From the listing below, output the lines between the one with "It's Creech and" and the one with "Functions can be", including those two, and nothing else. Pictures are not copied.

===== RECORDS SHOWN

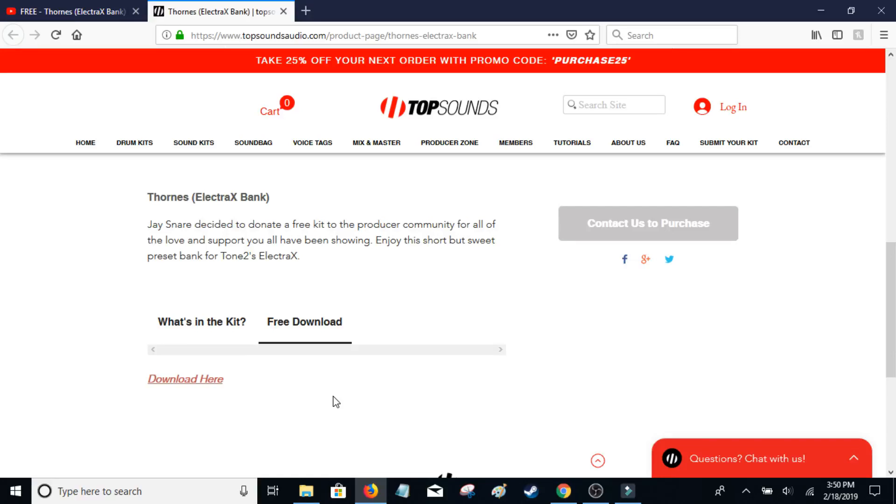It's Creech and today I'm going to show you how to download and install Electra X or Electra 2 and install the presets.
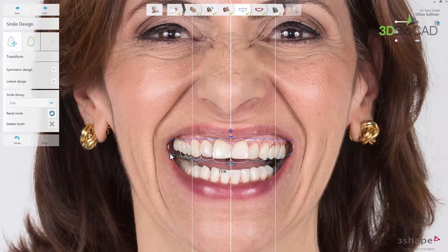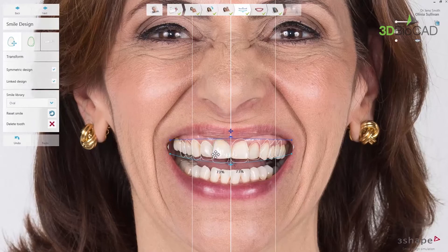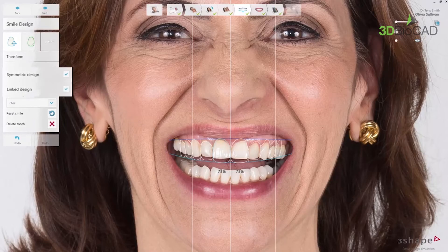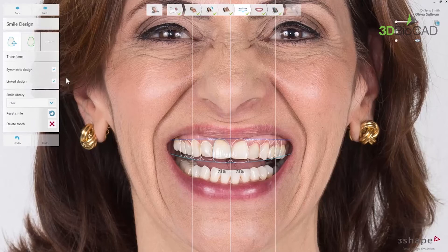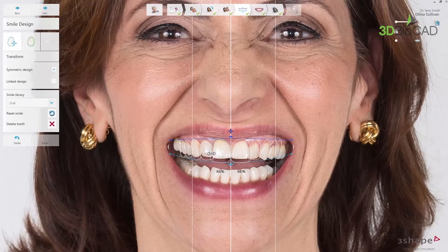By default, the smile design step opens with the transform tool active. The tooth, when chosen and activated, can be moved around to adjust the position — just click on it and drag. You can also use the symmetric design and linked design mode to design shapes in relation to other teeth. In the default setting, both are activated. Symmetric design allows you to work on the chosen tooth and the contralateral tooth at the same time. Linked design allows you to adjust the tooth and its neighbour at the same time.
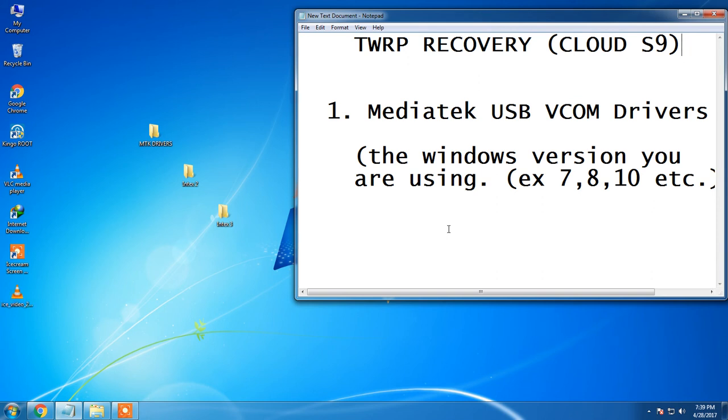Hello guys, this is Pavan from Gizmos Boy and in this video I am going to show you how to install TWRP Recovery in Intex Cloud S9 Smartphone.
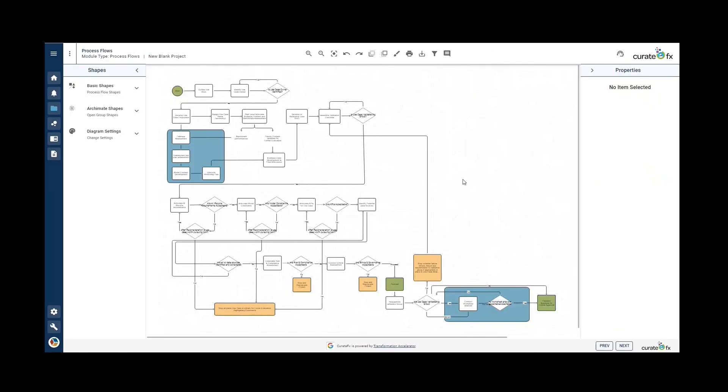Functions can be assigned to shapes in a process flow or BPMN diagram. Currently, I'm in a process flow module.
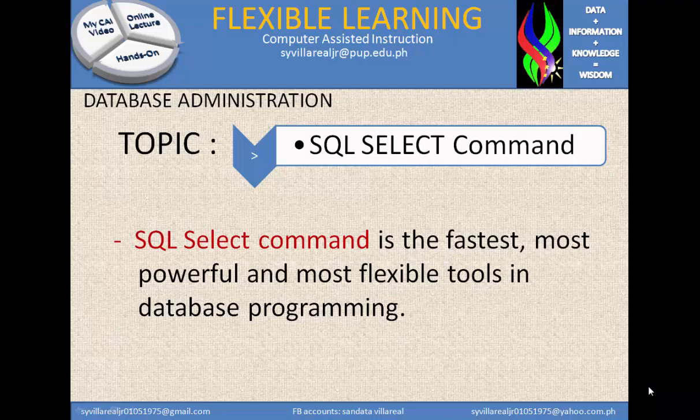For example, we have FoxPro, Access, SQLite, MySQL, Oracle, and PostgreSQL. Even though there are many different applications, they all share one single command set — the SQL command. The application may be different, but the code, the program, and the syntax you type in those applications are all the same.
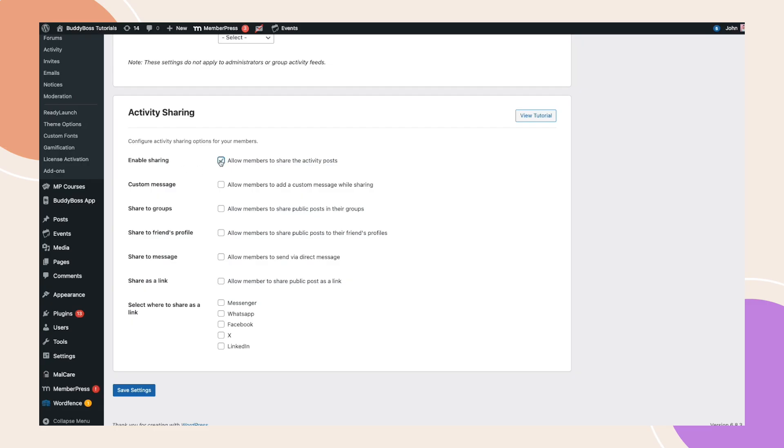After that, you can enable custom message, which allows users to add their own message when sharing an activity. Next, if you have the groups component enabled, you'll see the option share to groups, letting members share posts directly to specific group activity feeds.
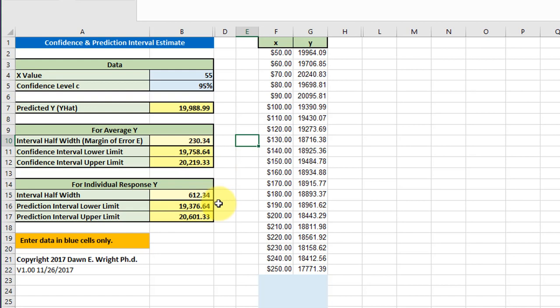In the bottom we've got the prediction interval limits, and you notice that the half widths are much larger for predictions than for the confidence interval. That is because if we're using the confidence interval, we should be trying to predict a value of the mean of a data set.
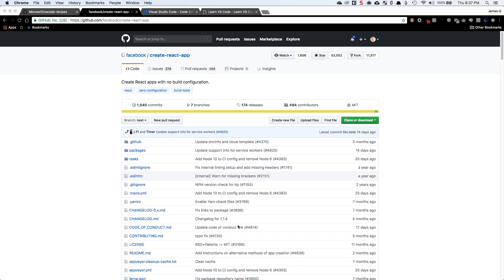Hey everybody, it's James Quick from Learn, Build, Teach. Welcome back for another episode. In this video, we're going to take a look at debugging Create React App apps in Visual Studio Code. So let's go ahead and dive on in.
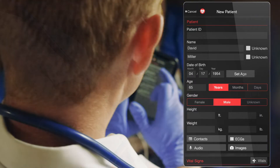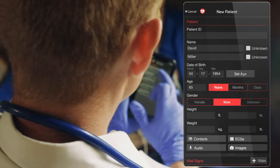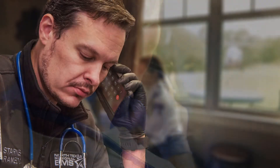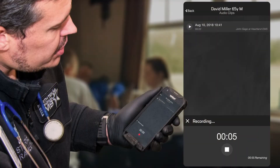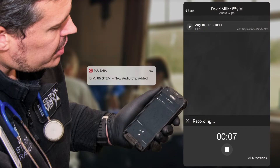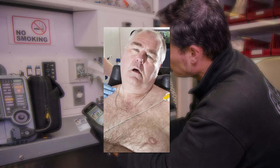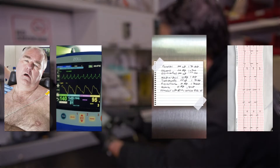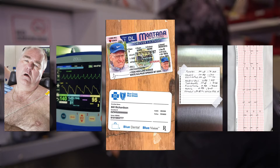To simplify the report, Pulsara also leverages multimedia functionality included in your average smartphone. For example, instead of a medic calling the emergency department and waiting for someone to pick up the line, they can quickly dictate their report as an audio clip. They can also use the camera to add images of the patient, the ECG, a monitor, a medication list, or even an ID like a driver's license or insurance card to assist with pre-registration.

==========
===== RECORDS SHOWN

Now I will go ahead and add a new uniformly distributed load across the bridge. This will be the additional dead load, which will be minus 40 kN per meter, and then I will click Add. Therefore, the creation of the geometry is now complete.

==========
===== RECORDS SHOWN

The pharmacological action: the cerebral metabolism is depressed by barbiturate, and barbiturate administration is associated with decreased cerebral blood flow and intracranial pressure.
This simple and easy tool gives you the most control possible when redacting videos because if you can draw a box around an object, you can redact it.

==========

**ANSWER TO THE EXERCISE**
It's Creech and today I'm going to show you how to download and install Electra X or Electra 2 and install the presets.
By default, the smile design step opens with the transform tool active. The tooth, when chosen and activated, can be moved around to adjust the position — just click on it and drag. You can also use the symmetric design and linked design mode to design shapes in relation to other teeth. In the default setting, both are activated. Symmetric design allows you to work on the chosen tooth and the contralateral tooth at the same time. Linked design allows you to adjust the tooth and its neighbour at the same time.
Hello guys, this is Pavan from Gizmos Boy and in this video I am going to show you how to install TWRP Recovery in Intex Cloud S9 Smartphone.
Functions can be assigned to shapes in a process flow or BPMN diagram. Currently, I'm in a process flow module.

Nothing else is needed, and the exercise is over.